(Caption-style text data)
━━━
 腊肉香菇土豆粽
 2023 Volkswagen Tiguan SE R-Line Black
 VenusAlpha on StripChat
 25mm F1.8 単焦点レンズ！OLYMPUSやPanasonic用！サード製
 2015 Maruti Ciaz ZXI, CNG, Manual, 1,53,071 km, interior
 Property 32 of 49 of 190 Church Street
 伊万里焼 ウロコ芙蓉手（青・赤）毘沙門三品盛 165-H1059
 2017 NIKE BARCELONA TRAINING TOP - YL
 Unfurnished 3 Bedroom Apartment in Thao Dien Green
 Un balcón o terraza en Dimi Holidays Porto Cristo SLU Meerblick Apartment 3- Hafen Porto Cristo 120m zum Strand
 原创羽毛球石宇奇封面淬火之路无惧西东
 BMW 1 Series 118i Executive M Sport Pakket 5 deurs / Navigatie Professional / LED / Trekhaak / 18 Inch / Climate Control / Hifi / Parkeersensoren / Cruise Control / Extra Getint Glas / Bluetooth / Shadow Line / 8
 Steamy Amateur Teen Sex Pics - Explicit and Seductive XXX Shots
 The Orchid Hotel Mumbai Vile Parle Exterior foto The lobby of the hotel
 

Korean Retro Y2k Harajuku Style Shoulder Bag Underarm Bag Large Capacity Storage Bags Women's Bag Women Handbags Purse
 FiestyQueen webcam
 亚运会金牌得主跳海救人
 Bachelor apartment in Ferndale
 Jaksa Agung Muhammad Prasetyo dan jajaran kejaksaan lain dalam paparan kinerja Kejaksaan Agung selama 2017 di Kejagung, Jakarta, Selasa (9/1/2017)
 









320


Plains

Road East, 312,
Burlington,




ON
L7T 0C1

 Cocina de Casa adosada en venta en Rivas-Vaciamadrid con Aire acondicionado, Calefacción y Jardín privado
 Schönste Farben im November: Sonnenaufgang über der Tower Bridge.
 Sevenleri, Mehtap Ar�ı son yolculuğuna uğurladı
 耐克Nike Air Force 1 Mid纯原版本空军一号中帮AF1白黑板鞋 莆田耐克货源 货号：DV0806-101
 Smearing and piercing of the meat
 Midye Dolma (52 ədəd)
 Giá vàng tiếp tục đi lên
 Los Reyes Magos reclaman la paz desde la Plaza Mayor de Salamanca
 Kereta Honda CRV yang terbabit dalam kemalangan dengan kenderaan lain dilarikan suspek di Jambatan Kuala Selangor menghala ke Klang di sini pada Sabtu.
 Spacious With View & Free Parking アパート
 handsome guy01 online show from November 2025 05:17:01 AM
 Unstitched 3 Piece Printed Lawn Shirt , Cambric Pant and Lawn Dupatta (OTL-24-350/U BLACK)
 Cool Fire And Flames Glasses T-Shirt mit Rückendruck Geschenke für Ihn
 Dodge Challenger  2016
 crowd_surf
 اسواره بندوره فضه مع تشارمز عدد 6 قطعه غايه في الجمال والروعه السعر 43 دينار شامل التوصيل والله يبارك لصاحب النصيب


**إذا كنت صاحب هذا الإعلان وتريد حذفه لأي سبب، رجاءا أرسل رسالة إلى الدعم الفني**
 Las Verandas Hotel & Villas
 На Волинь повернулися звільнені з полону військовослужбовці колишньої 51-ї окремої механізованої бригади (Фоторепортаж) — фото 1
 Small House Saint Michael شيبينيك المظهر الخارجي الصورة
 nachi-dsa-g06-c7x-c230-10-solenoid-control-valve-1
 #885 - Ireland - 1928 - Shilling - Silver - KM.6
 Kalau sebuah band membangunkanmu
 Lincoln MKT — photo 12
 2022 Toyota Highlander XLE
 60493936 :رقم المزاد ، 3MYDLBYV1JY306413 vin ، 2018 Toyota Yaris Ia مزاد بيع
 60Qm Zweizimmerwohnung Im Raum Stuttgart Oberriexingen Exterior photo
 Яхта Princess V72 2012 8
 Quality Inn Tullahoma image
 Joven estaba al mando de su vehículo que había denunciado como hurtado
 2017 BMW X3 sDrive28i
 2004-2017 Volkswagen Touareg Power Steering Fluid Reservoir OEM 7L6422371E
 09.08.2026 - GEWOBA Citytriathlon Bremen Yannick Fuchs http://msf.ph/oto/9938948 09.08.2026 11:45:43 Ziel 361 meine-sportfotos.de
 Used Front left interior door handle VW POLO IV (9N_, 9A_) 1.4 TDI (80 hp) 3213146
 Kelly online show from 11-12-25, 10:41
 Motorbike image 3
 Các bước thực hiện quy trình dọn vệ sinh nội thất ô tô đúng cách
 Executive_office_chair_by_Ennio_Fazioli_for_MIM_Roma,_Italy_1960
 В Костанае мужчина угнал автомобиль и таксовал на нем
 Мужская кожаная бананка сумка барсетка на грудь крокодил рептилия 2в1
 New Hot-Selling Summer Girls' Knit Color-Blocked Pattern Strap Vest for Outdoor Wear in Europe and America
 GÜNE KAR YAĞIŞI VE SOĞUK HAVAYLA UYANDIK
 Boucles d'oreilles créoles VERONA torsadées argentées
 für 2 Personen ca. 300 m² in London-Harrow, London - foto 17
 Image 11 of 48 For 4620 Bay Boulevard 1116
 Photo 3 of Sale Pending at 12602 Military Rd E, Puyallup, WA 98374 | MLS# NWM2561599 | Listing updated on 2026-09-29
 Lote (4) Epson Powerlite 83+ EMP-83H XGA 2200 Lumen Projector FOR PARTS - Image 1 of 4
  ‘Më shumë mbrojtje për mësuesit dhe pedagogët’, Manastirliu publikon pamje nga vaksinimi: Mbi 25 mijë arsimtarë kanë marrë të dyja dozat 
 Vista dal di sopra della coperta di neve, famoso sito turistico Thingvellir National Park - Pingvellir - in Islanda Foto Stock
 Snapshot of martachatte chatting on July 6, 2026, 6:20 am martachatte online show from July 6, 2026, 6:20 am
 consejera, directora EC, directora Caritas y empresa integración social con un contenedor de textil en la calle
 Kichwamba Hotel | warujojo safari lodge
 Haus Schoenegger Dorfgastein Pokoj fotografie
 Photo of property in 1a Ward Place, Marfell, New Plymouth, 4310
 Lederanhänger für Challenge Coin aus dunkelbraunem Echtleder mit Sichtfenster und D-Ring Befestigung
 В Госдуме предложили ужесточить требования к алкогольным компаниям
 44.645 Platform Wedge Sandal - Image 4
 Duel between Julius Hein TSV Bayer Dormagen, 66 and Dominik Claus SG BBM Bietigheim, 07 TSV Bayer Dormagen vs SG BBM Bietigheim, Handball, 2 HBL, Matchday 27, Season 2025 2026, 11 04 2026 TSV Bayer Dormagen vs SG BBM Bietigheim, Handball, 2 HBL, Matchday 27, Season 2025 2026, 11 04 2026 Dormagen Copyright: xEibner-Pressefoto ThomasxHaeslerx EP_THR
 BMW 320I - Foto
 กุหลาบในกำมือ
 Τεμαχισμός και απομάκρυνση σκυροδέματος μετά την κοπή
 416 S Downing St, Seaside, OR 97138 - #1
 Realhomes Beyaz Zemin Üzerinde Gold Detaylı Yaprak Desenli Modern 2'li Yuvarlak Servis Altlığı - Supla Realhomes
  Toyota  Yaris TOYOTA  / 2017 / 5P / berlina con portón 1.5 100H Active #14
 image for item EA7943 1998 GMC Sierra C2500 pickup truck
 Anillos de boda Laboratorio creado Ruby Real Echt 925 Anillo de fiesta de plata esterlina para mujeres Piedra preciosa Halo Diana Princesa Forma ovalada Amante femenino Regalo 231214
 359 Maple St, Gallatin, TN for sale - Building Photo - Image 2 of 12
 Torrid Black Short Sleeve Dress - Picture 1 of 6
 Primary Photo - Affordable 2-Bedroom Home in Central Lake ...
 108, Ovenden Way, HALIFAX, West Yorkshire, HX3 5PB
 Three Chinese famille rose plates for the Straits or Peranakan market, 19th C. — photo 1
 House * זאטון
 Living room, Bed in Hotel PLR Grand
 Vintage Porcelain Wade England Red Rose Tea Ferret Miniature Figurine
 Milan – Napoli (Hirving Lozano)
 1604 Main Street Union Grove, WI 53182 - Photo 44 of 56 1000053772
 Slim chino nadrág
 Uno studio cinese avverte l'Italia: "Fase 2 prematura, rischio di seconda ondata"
━━━
What the exercise asks: Your answer should consist solely of the lines above from the line with "2022 Toyota Highlander XLE" to the line with "Used Front left", both included, reproduced exactly.

Problem solution:
 2022 Toyota Highlander XLE
 60493936 :رقم المزاد ، 3MYDLBYV1JY306413 vin ، 2018 Toyota Yaris Ia مزاد بيع
 60Qm Zweizimmerwohnung Im Raum Stuttgart Oberriexingen Exterior photo
 Яхта Princess V72 2012 8
 Quality Inn Tullahoma image
 Joven estaba al mando de su vehículo que había denunciado como hurtado
 2017 BMW X3 sDrive28i
 2004-2017 Volkswagen Touareg Power Steering Fluid Reservoir OEM 7L6422371E
 09.08.2026 - GEWOBA Citytriathlon Bremen Yannick Fuchs http://msf.ph/oto/9938948 09.08.2026 11:45:43 Ziel 361 meine-sportfotos.de
 Used Front left interior door handle VW POLO IV (9N_, 9A_) 1.4 TDI (80 hp) 3213146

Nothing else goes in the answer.